From the moment we founded the company and for some years we were happy customers of Vanillamachines (one of the biggest Linux box collocation services) and they gave us a very reliable performance, though nobody from Exact Editions ever set eyes on the ‘machines’ that we were renting from them. I was never too sure whether the actual boxes were in Texas or the UK but it was vaguely comforting to know that there were some air-conditioned boxes of blades somewhere that were in some sense ours (three or four of them I believe). But a few weeks ago we moved over to the Amazon computing cloud (EC2 — Amazon Elastic Computing Cloud), and I do not think that anybody outside of Exact Editions will have noticed, and the strange consequence is that our computing is now entirely virtualised. We are using the Amazon computing cloud and there are no physical boxes that anybody could point to and say ‘that is where the Exact Editions service resides’. For sure we have a number of ‘virtual boxes’ in the Amazon cloud, that seems to be the way that Amazon are able to monetize and charge for their commoditised service, but there is no determinate corresponding set of physical chips running our code. For me, the most convincing moment in this transition occurred when our Technical Director noted that, immediately following the transfer, our main database seemed to be running a bit more slowly than he would have liked. He decided to double the size of the virtual server for a day to see if that made any difference. It did. Search and rendering was a lot faster, and as a result he decided to make the upsizing permanent. For an additional $300 a month, (some such relatively modest fee), we had doubled the scale of our database machine and could upsize or downsize them whenever we chose. If we decide that we need so many mega-teraflops for a couple of days, Amazon’s computing cloud will allow us to comfortably and temporarily use them. Its this just-in-time flexibility that is so impressive about the Amazon service.

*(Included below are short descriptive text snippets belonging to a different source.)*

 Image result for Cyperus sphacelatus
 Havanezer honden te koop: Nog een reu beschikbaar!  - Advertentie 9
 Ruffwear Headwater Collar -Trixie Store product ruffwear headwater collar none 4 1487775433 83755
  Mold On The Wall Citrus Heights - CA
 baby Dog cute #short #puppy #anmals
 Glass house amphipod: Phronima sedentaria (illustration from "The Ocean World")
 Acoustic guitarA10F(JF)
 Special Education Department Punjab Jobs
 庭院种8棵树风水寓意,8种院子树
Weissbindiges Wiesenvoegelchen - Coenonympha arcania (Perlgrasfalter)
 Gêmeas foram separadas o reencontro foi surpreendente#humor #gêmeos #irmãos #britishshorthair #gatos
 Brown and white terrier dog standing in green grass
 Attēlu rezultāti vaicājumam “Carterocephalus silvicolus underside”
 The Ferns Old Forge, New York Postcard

Mind you, perhaps I would have been a bit more nervous about the switch to Amazon’s cloud if I had known that they were still in beta. Only today has the beta label been removed from Amazon web services. I guess they did this because they noticed our successful transfer? [feeble joke]

I still occasionally meet publishers who ask if they can host their own Exact Editions service. In future I will have the perfect and honest answer to this request: we don’t even host our own service……That is the real beauty of cloud computing. You don’t need to host your own. Let the cloud take the strain.